CEDAR RAPIDS, IOWA
GAZETTE
D.73,500    S.77,500
APR 24 1975
Building Observatory To Study Cosmic Rays
   SALT LAKE CITY (UPI) – When a cosmic ray ends its trillion mile trip through outer space by colliding with the earth’s atmosphere, the fallout flashed across the sky with all the intensity of a 100 watt light bulb.
   The shower of tiny particles cascades to the earth several miles below at nearly the speed of light, striking the ground 60- to 70-millionths of a second after the subatomic space traveler first crashed into an air molecule.
   A 100 watt light at more than 186,000 miles a second is dimmer than the stars or the glow of the night sky behind it – even in unpopulated and remote regions like the western Utah desert.
   But the Bonneville Salt Flats and similar spots far from urban civilization are the only places where physicists studying high energy particles and the origin of cosmic rays can get a glimpse of the collisions.
   A team of University of Utah scientists has received a National Science Foundation grant of $280,000 to start work on a unique astrophysics observatory located on the bone-white desert best known as an auto speedway.
   The observatory will consist of 80 dish shaped mirrors on the outside of a large geodesic dome. A dozen photo multiplier tubes, suspended over each mirror - about 1,000 over the entire structure - will be attached to a computer.
   The structure, which won't be finished for three to five years, is nicknamed "fly's eye" because of its resemblance to the compound eyes of a fly.
   It will operate only on dark nights when there is no interference from moon light. Although cosmic rays are dimmer than the stars or glow of the night sky, the background is steady while the rays are moving rapidly.
   "So we'll look for changes in the light intensity," said Dr. Haven Bergeson, associate professor of physics and one of three principal investigators on the project.
   Bergeson said the array of mirrors on “fly’s eye” will permit detection of higher energy particles than current cosmic ray counters, allowing the analysis of more events, and will also give a picture of the ray’s angle of descent, its energy and its distance away.
   experiments will be in two basic areas, high energy particle physics, and astrophysics.

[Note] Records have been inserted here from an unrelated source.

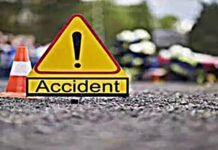 हज करके लौटे माता-पिता के साथ तीन बेटों की सड़क हादसे में हुई मौत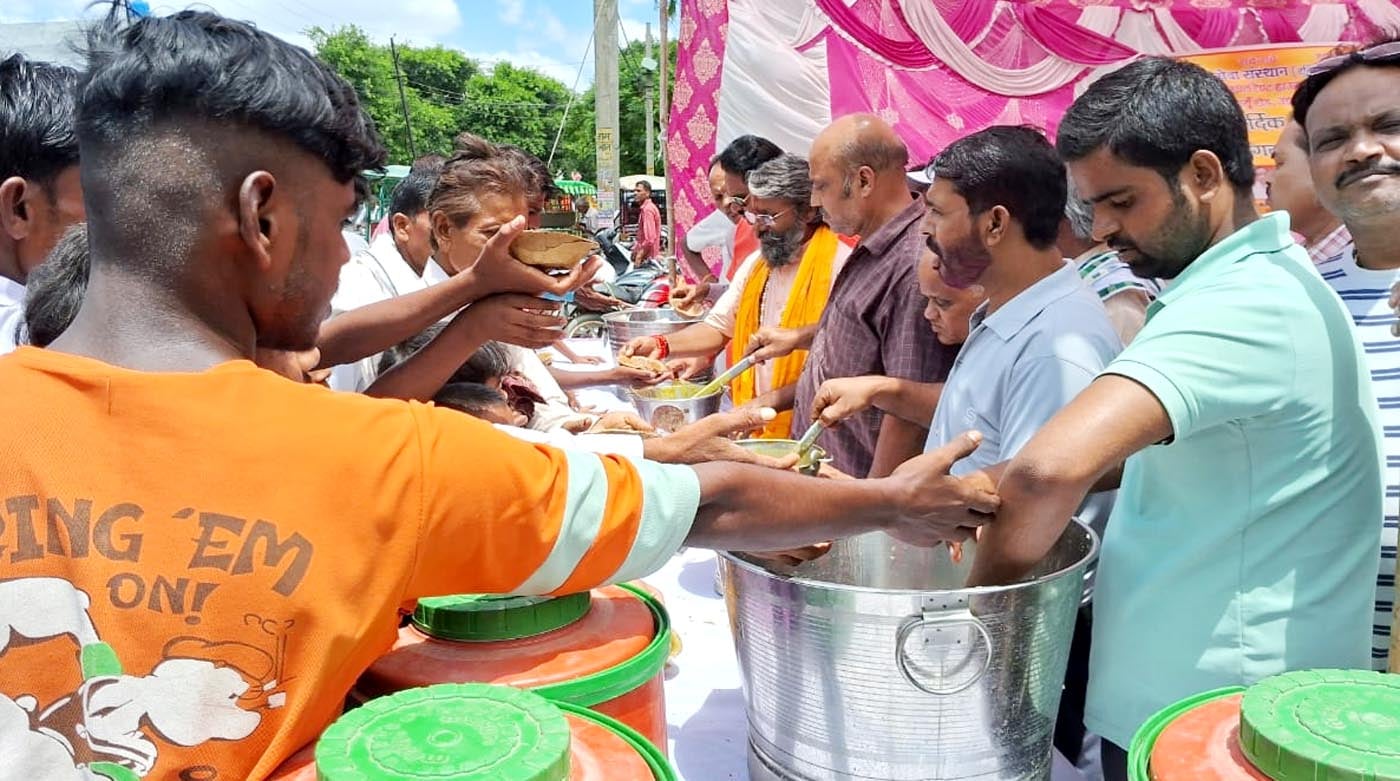 बरेली- मथुरा हाईवे पर कछला के पास कांवड़ियों की टोलियों में डीजे लगे वाहनों की कतार।संवाद बरेली- मथुरा हाईवे पर कछला के पास कांवड़ियों की टोलियों में डीजे लगे वाहनों की कतार।संवाद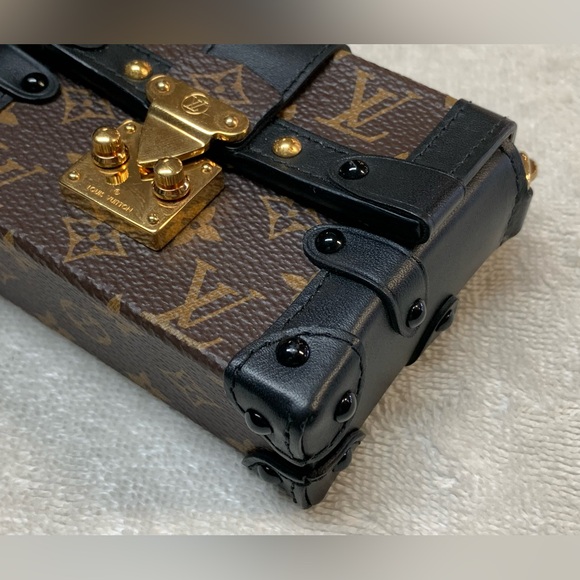 Louis Vuitton Essential Trunk Monogram Mini Shoulder Bag - Picture 6 of 16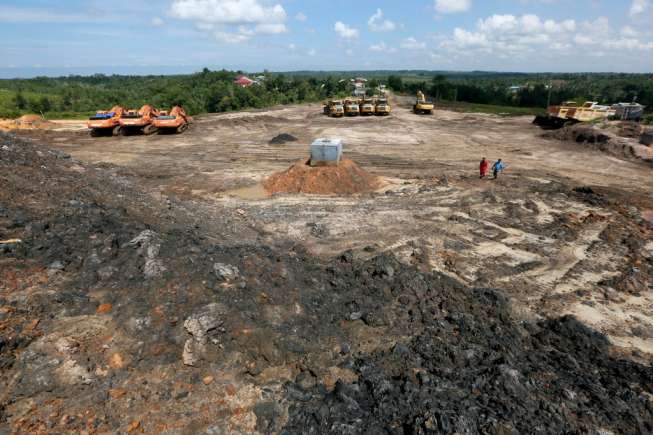 Kampus Kelola Bisnis Tambang, Mercusuar Ilmu atau Menara Asap?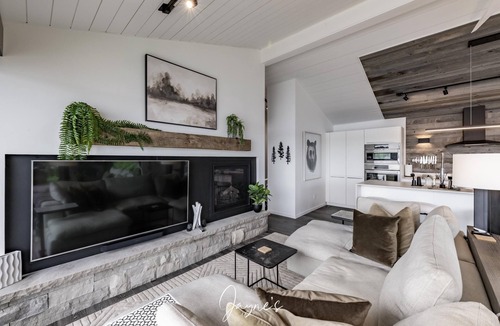Minett Cottage | 4 bed 2 bath cottage on the south-end of Lake Joseph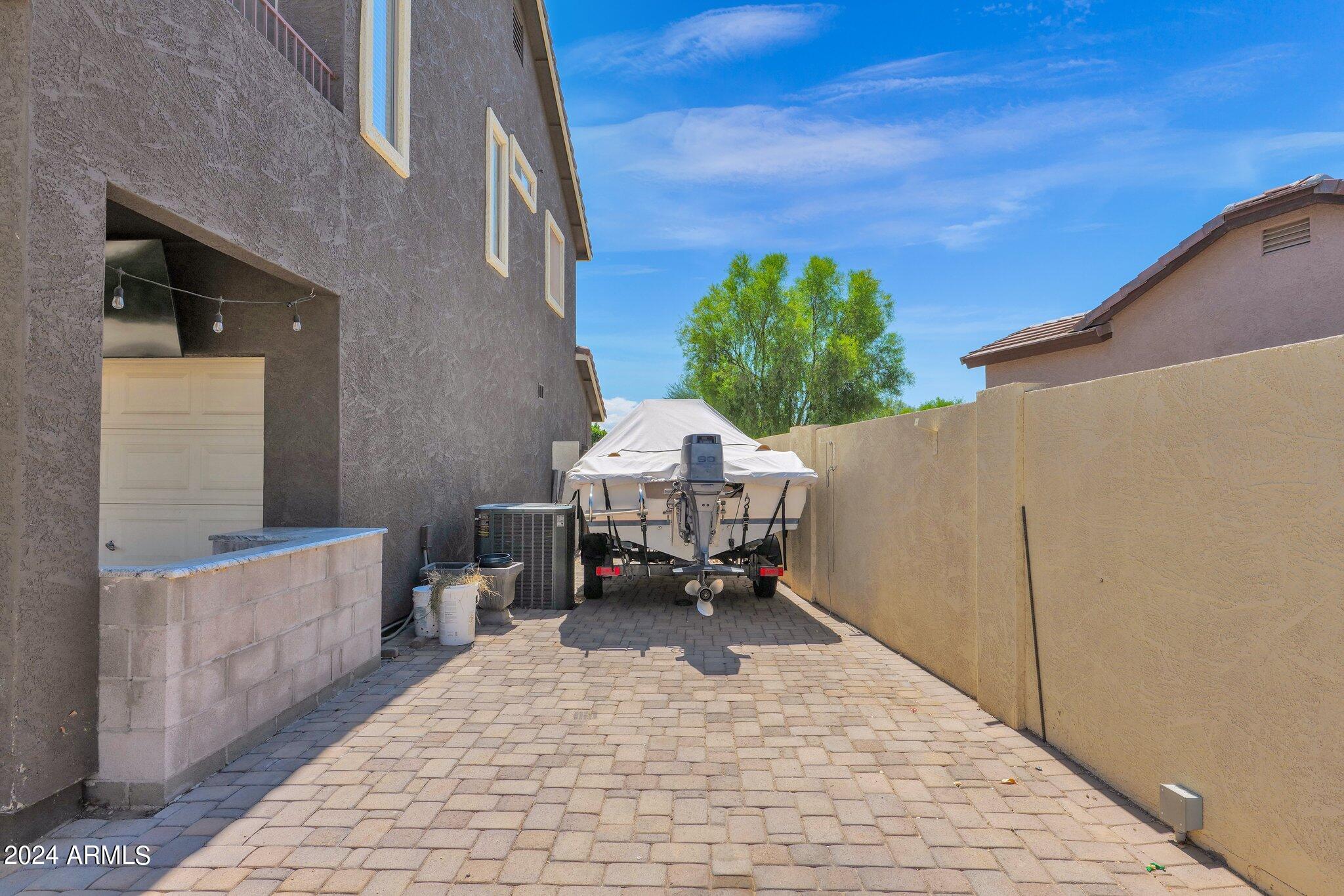 3298 East Bonanza Road Gilbert, AZ 85297 - Photo 43 of 55 3298 Bonanza - 37 Sideyard Parking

   High energy physics – the study of the interactions between subatomic particles fired down atomic smashers into target particles at nearly the speed of light – is limited by the energies accelerators can produce, Bergeson said.
   “We will be able to detect interactions in the atmosphere involving cosmic rays with energies 100,000 times higher than accelerator particles,” he said in an interview.
   “A number of theories on interactions have been developed that fit data produced with accelerators,” Bergeson said. “But they give different predictions for reactions at higher energies.”
   “Although our measurements will be fairly crude compared to those obtained in accelerators, they will be precise enough to determine between conflicting theories,” he added.